Avviata una consultazione aperta a imprese e sindacati. Eurostat conferma profonde diseguaglianze salariali tra gli Stati membri dell’Ue
“Mi batterò per l’introduzione di un salario minimo in ogni Paese della Ue”. Così tuonava, all’epoca, l’allora candidata alla Presidenza della Commissione europea davanti all’Europarlamento, anteponendo l’impegno sul salario equo persino a quello sul contrasto al cambiamento climatico.
A due mesi dall’entrata in carica della nuova Commissione di Ursula Von der Leyen, per ora, di concreto, sul salario europeo, c’è solo un documento: niente di più che una consultazione aperta alle parti sociali – peraltro obbligatoria su di un tema di politica sociale, in cui rientra, a pieno titolo, anche la discussione sui salari minimi equi per i lavoratori dell’UE – allo scopo preventivo di orientare la questione, prima di perseguire una possibile azione specifica da parte dell’Ue.
Ed è proprio su un corretto inquadramento del tema che è necessario fare chiarezza, prima ancora di aprire una riflessione sui salari minimi in Europa: quella dell’Unione si classifica infatti come un’azione politica di supporto e completamento a quella degli Stati membri. E questo vuol dire che esula dalle competenze attribuite all’Unione la possibilità di introdurre un salario minimo uguale per tutti i Paesi, non potendo l’Ue interferire nel processo decisionale nazionale, se non con un ruolo di stimolo alla discussione.
In realtà, come avevamo anticipato in queste pagine già prima della tornata elettorale europea, spetta ai Governi dei singoli Stati membri il ruolo da protagonista nella definizione delle politiche sociali e di occupazione, e, in particolare, nella decisione sulle politiche salariali.

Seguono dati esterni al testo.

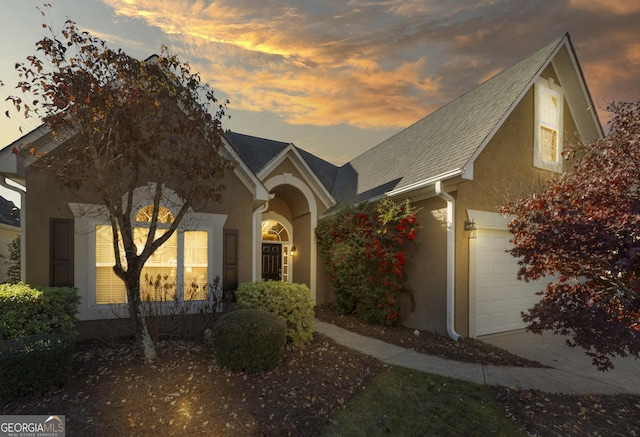 view of front of property with a garage and stucco siding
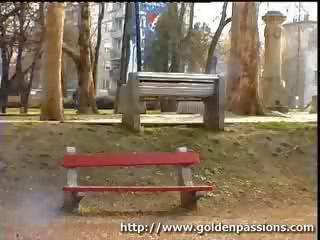 Middle-aged redhead peeing on the streets with people around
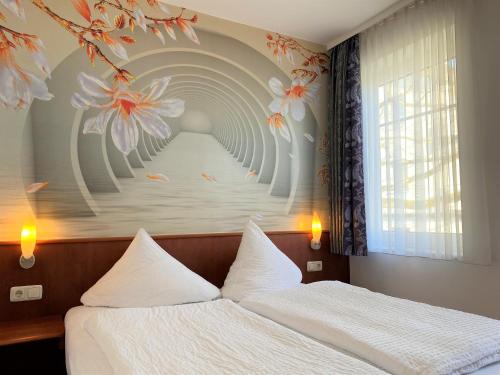 Säng eller sängar i ett rum på Appartementhaus Sonnenschein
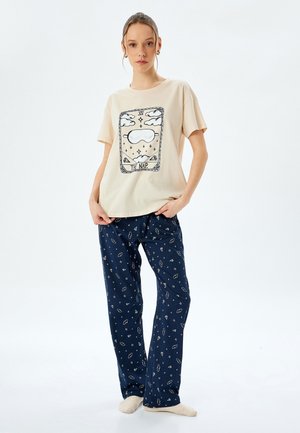 Beige katoenen t-shirt met "NAP" graphic, gecombineerd met marineblauwe pyjamabroek met een wit sterrenpatroon. Zachte, relaxte pasvorm, korte mouwen.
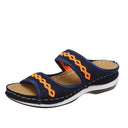 Navy blue mesh platform slide sandal with orange geometric embroidered trim, tan footbed and white rubber sole, angled side view.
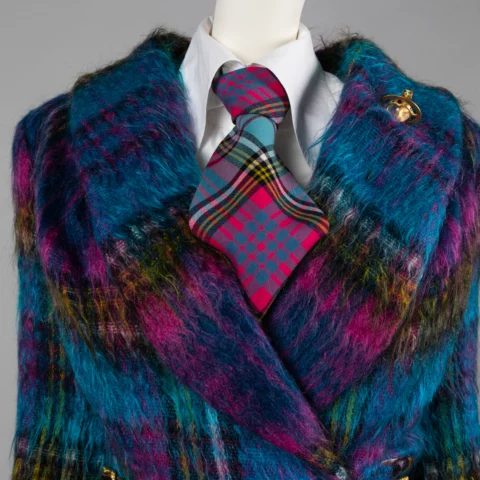 Close-up of a mannequin wearing a vibrant, multicoloured fuzzy coat in shades of blue, purple, and yellow. Underneath is a white shirt with a bold pink and teal tartan tie. A gold orb-shaped brooch is pinned to the coat’s lapel.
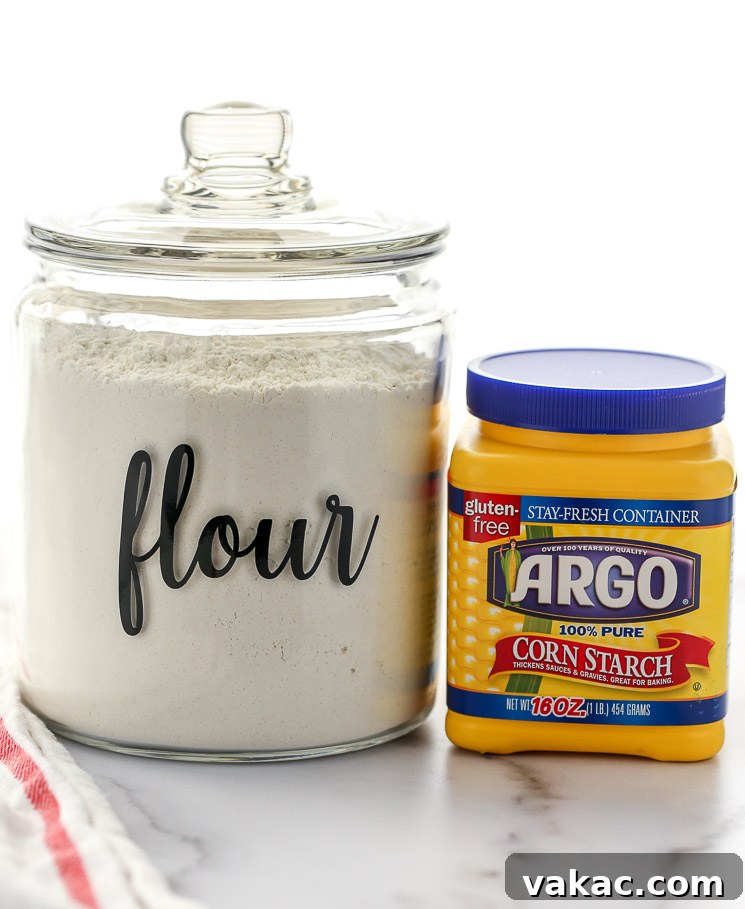 A container of cake flour and cornstarch sitting on top of a marble surface.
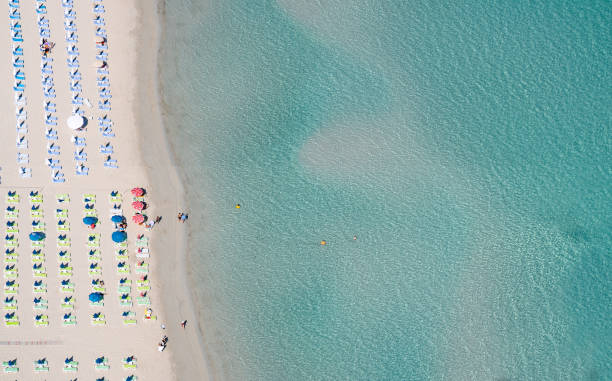 istock aegean beach from above with people 1002940184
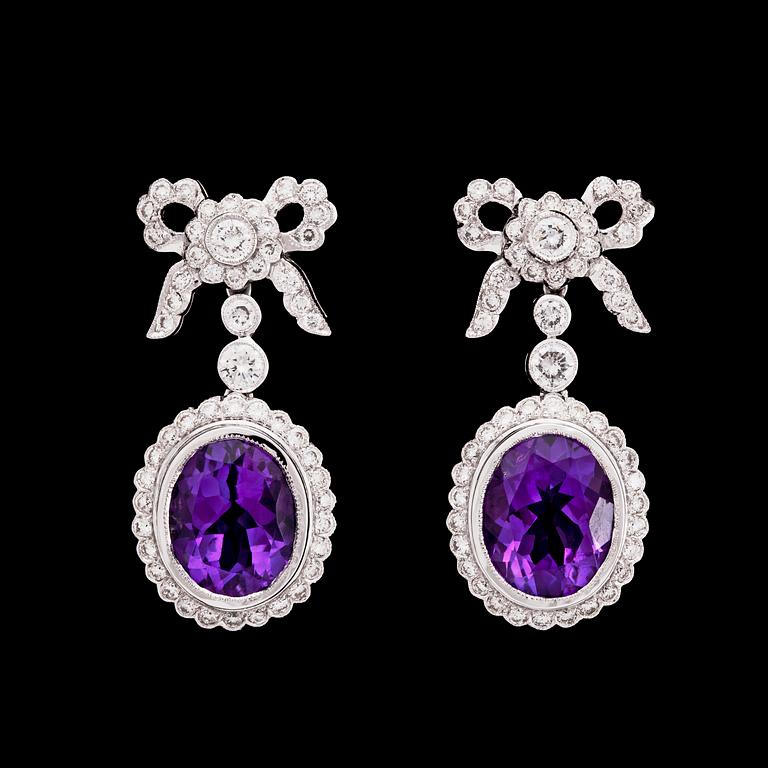A pair of amethyst and brilliant cut diamond earrings, tot. 1.44 ct.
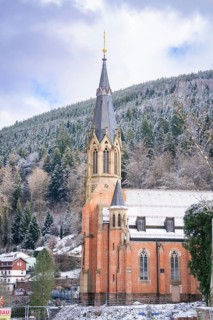Gothic church tower facade with snow-covered mountain forest in the background, Bad Wildbad, St
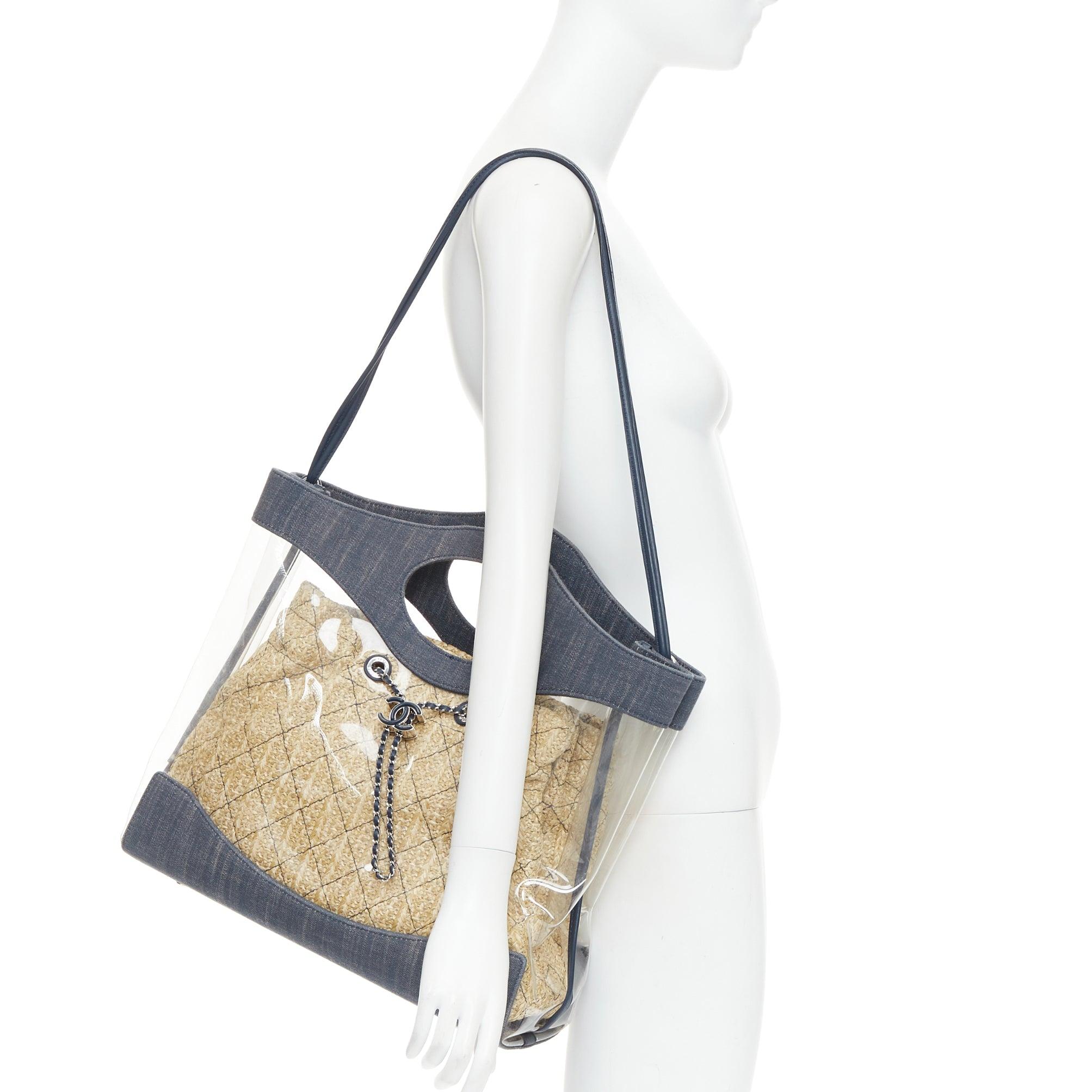 CHANEL 2019 31 clear PVC denim trim beige raffia lined tote bag
Reference: JACG/A00261
Brand: Chanel
Designer: Karl Lagerfeld
Model: 31
Collection: Fall Winter 2018
Material: Denim, PVC
Color: Blue, Clear
Pattern: Solid
Closure: Drawstring
Lining:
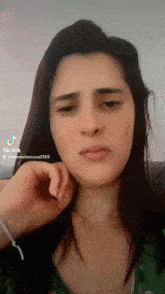a woman 's face is shown with a tik tok watermark
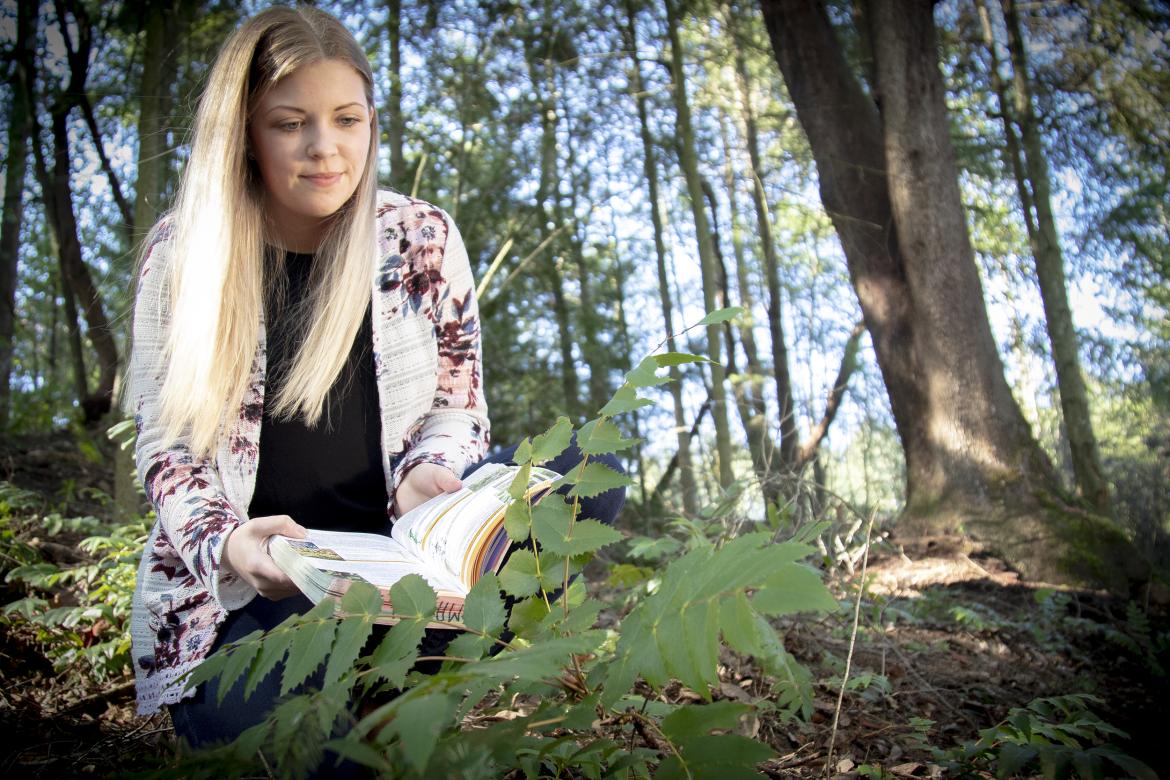 Mandy Hobkirk uses an identification book while examining plants at VIU's Nanaimo Campus.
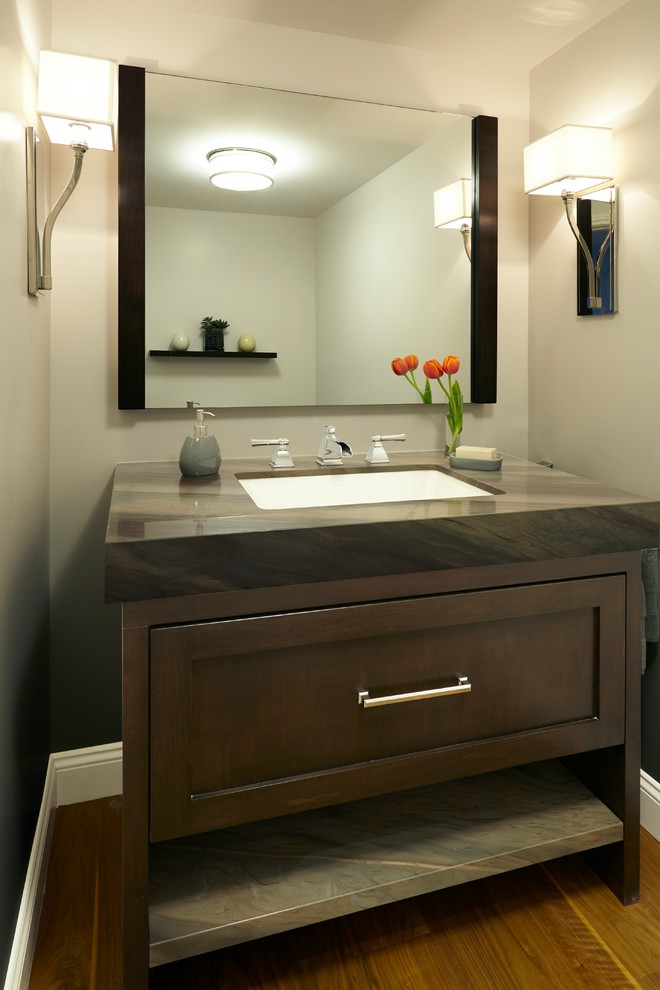 Small trendy medium tone wood floor corner shower photo in Los Angeles with an undermount sink, recessed-panel cabinets, dark wood cabinets, marble countertops, an undermount tub, a one-piece toilet and beige walls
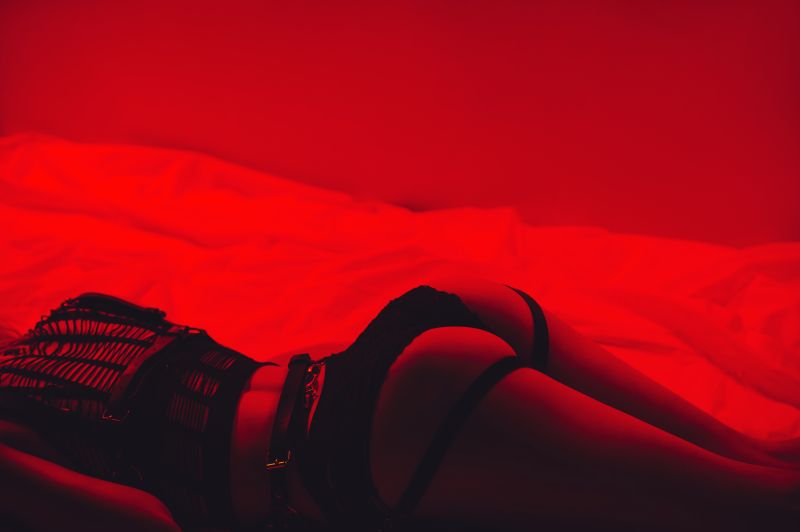 Backside of woman in BDSM gear with red lighting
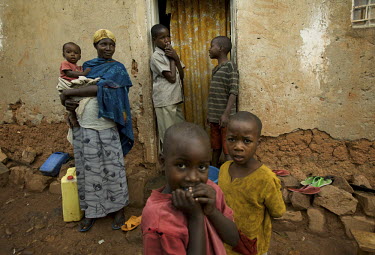 Women and children outside of their home in Kigali, Rwanda, during the Mother and Child Health Week held in April 2010. This includes a mass drug administration against intestinal worms and schistosom...
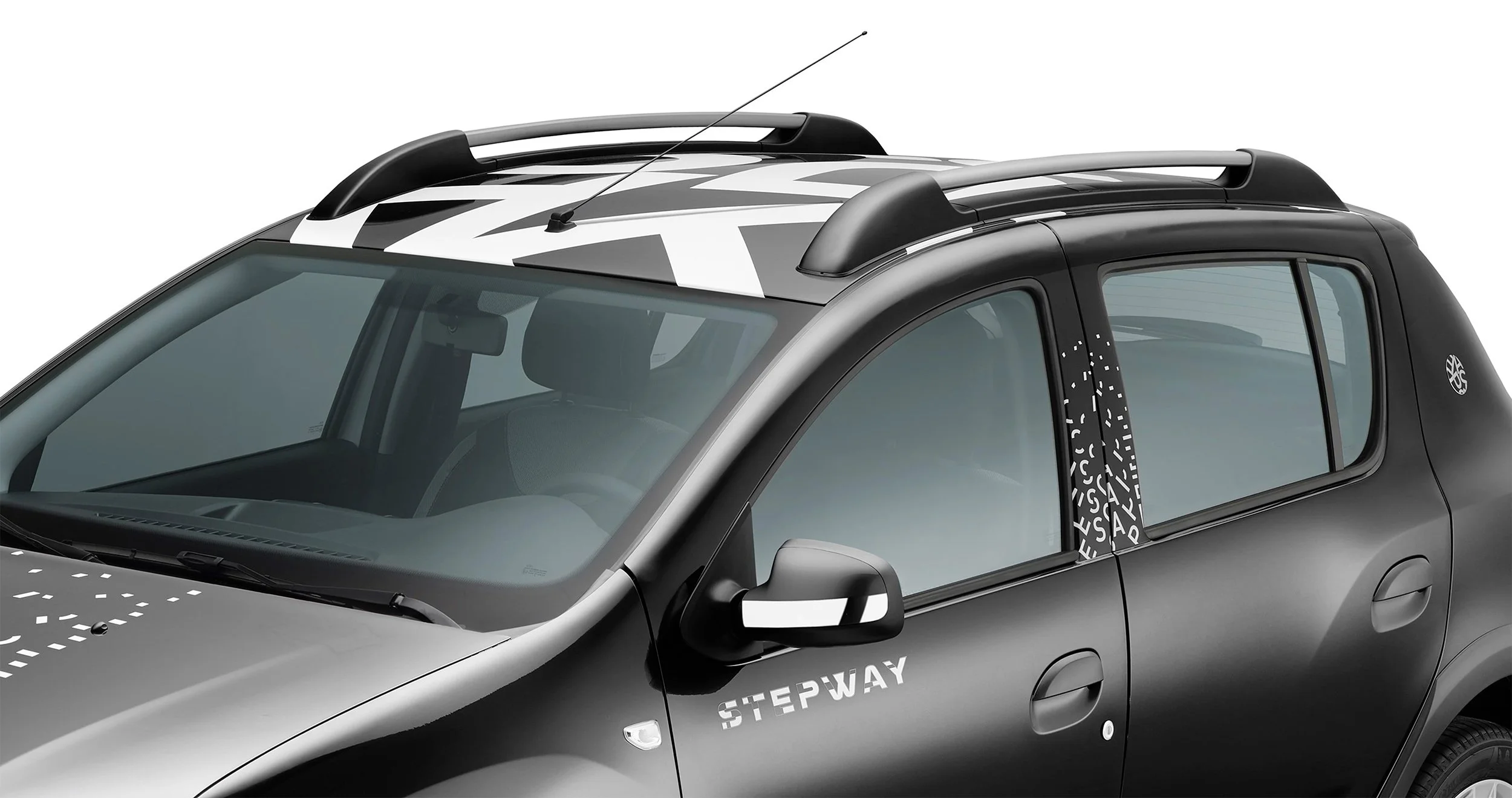 Close-up of a black Dacia Sandero Escape Limited Edition with roof rails, typography by Automne Studio.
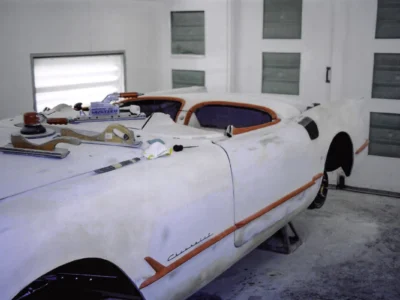 1954 Corvette body in white paint with red interior visible during final assembly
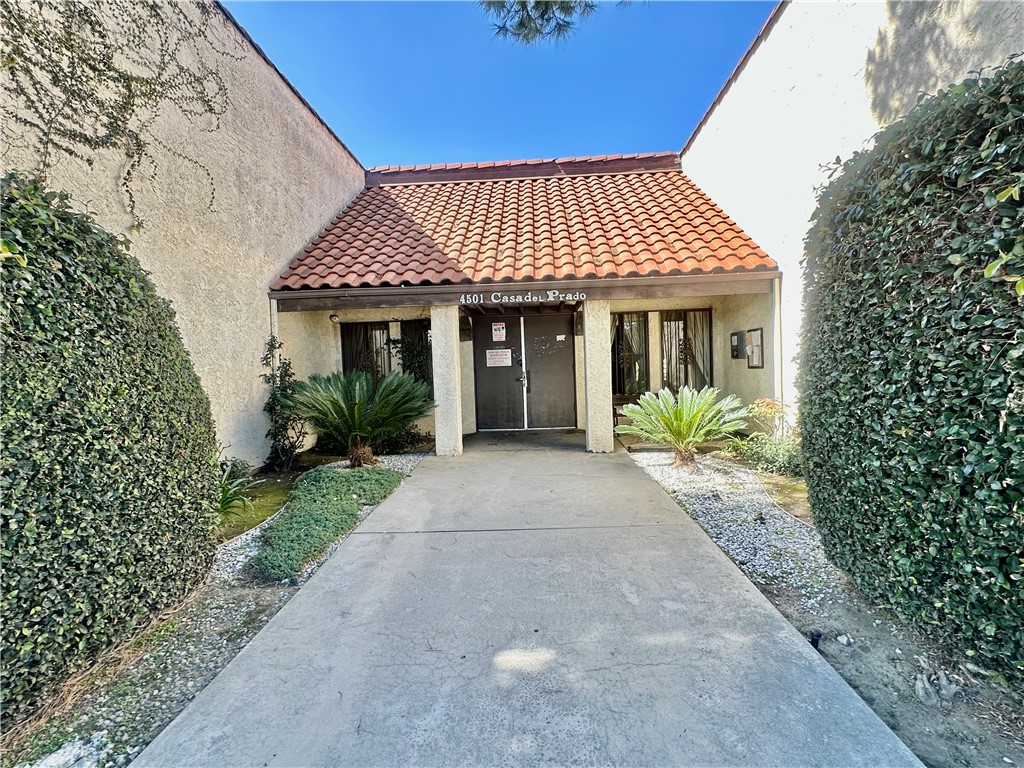 4501 Peck Road, Unit 63 El Monte, CA 91732 - Photo 2 of 21 a front view of a house with garden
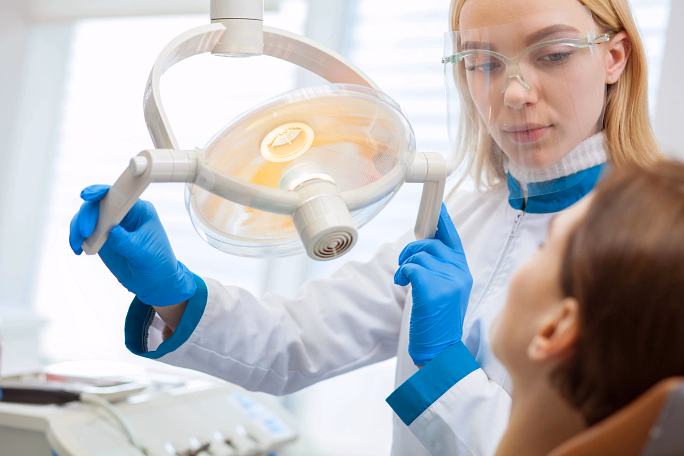 man at the dentist receiving sleep apnea treatment in Huntersville, NC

Motivo per cui, anche volendo, la Commissione non potrebbe imporre l’istituzione di un salario minimo a quei Paesi – come l’Italia – in cui non è previsto.
A venire in aiuto alle limitate competenze dell’Unione in materia di retribuzioni è però il pilastro europeo dei diritti sociali, i cui principi sanciscono – tra gli altri – il riconoscimento ai lavoratori di tutti gli Stati appartenenti all’Ue di una retribuzione equa e di un tenore di vita dignitoso.
Sulla base del pilastro sociale, proclamato dalle istituzioni e dai leader dell’UE nel novembre 2017 e richiamato espressamente nella sua comunicazione, la Commissione europea ha “giustificato” la propria azione, guidata dall’obiettivo di garantirne una piena attuazione da parte degli Stati membri e di tutte le parti interessate.
Gli ultimi dati Eurostat sul salario minimo in Europa, appena pubblicati, confermano la disparità nelle retribuzioni minime tra gli Stati membri (si va dai 600 euro nei paesi dell’Est Europa ai 1500 del Nord Ovest), con il concreto rischio di dumping sociale e salariale. Senza considerare quei Paesi Ue, come il nostro, che il salario minimo non ce l’hanno proprio.
La consultazione sui salari minimi equi, promossa dalla Commissione, nasce quindi dal desiderio che tutti i lavoratori dell’Unione possano disporre di salari adeguati, che consentano loro di vivere in modo dignitoso ovunque essi lavorino, sotto forma di un invito a tutti i partner europei a presentare le proprie opinioni e i relativi progetti per raggiungere, in tempi brevi, gli obiettivi prefissati dal pilastro. Se la risposta sarà positiva, l’ultimo step sarà quindi la redazione di un piano d’azione che terrà conto di tutti i contributi e che sarà sottoposto ad approvazione al più alto livello politico.
E questo, proprio mentre in Spagna, nelle ultime ore, è stato approvato, con effetto retroattivo a partire dal 1 gennaio, l’aumento – e non è il primo – del salario minimo per circa due milioni di lavoratori. Si accettano scommesse sulla riapertura del dibattito, sulla scia dell’esempio spagnolo, anche in Italia. Con buona pace dei sindacati.